Comment 22 Ian Kent 2012-11-28 00:46:36 UTC

(In reply to comment #21)
> (In reply to comment #20)
> > 
> > Any chance of getting the network packet trace I asked for.
> 
> Sorry. I missed somehow that request.  You mean with a wireshark, right?

Yes please.

> 
> > Preferably using the manual mount procedure you described at
> > the end of comment #13, from the time of the first mount to
> > the time you get the EBUSY messages.
> 
> OK, I will see what I can do.  Does it matter which architecture?

Don't think so, no.

> 
> I do not think that you need to worry that I will loose that opportunity. 
> That thing seems to be for me weirdly persistent. :-)
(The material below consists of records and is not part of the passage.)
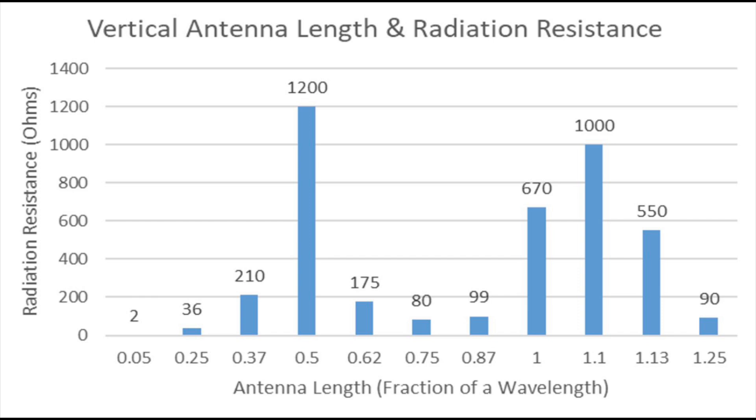So starting at a quarter wave, and then every half wave above that, we see a pattern: quarter wave is 36 ohms, three-quarter wave is 80 ohms, and one-and-a-quarter wave is 90 ohms. Every half wavelength, we see roughly a repeat of the radiation resistance. Some lengths give us greater radiation resistance than others.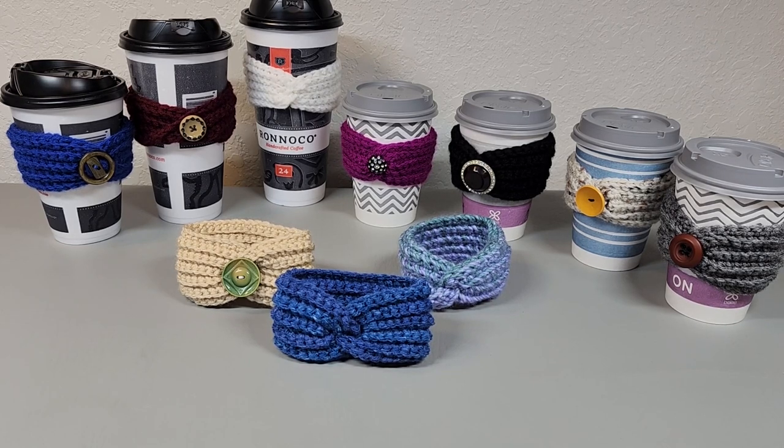Hi, everybody. Welcome back to my channel. Today's tutorial, we're going to be making these. I'm not 100% sure what you would call them — coffee cup cozies, to-go coffee cup sleeves.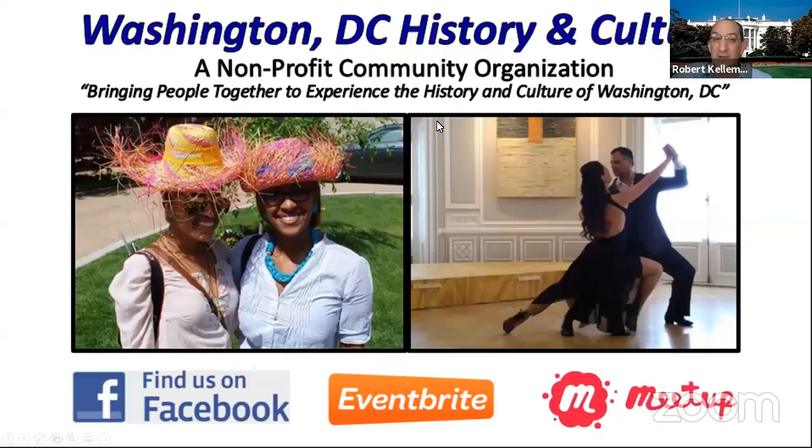For those of you not familiar with us, we're Washington, D.C. History and Culture — a nonprofit community organization. As the world is starting to return to normal post-COVID, we're looking forward to resuming our in-person programs. But even once we begin doing that, we'll still continue doing these live stream programs. Thanks for all the great feedback from everyone that we've received on those.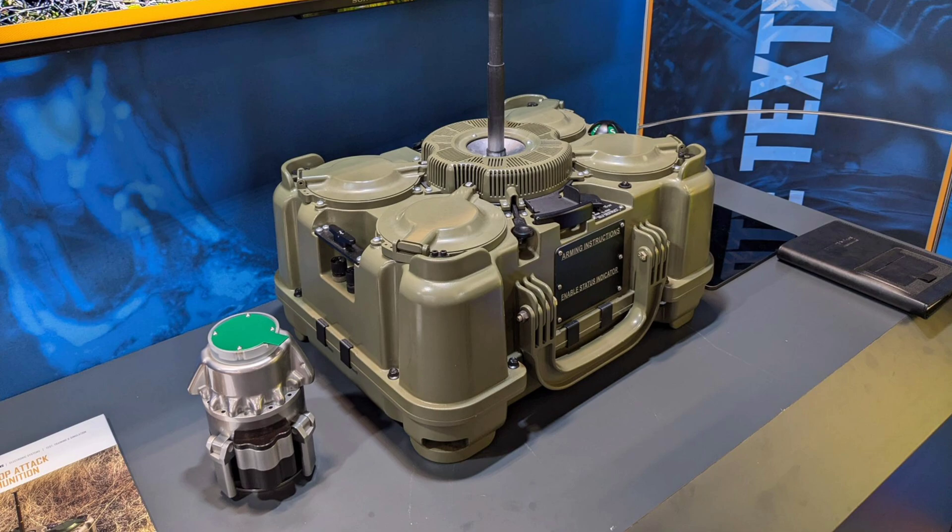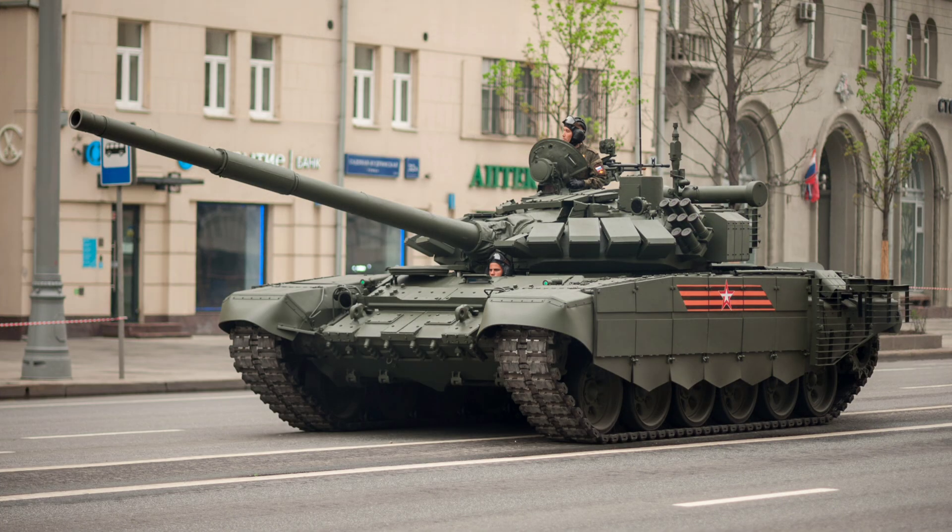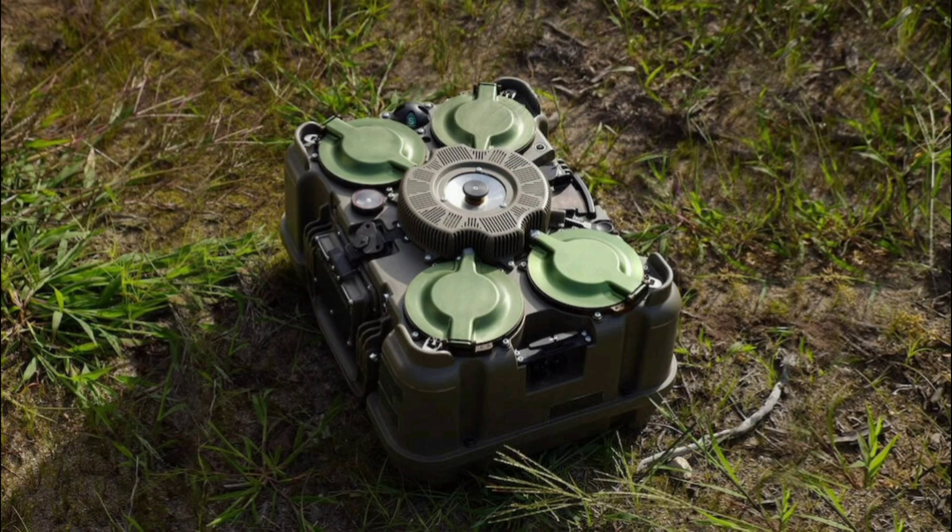Developed by Textron Systems under the U.S. Army's Terrain Shaping Obstacles Program, also known as TSO, which focuses on creating dynamic barriers to disrupt adversary maneuvers, this manually-emplaced anti-vehicle capability has passed rigorous testing and entered low-rate initial production as of September 18, 2025. With plans for deployment in Europe to counter threats like Russian T-72 tanks, we'll break down its capabilities, give a comprehensive technical rundown, explore its strategic role, and cover the latest news as of September 21, 2025, including its fielding timeline and safety features.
And the really annoting thing is that what you are seeing looks
like a reference count imbalance which should be easily reproducable
by me.

Comment 23 Michal Jaegermann 2012-11-28 01:59:47 UTC

(In reply to comment #20)
> 
> Any chance of getting the network packet trace I asked for.

Ok.  Here we are.

In all experiments here I was starting only nfs-lock.service and skipped on autofs (just to keep possible distractions out).  With kernels 3.5.6-1.fc17.x86_64 and 3.6.1-1.fc17.x86_64 on a client I tried the same mounting over nfs as described at the end of comment 13.  Actually this time I was able to mount /mnt/spare and even the first access (with stat or ls) could succeed.  Only later with 3.6.1-1.fc17.x86_64 I was getting, consistently, "Device or resource busy" (and no issues of that sort when running 3.5.6-1.fc17.x86_64).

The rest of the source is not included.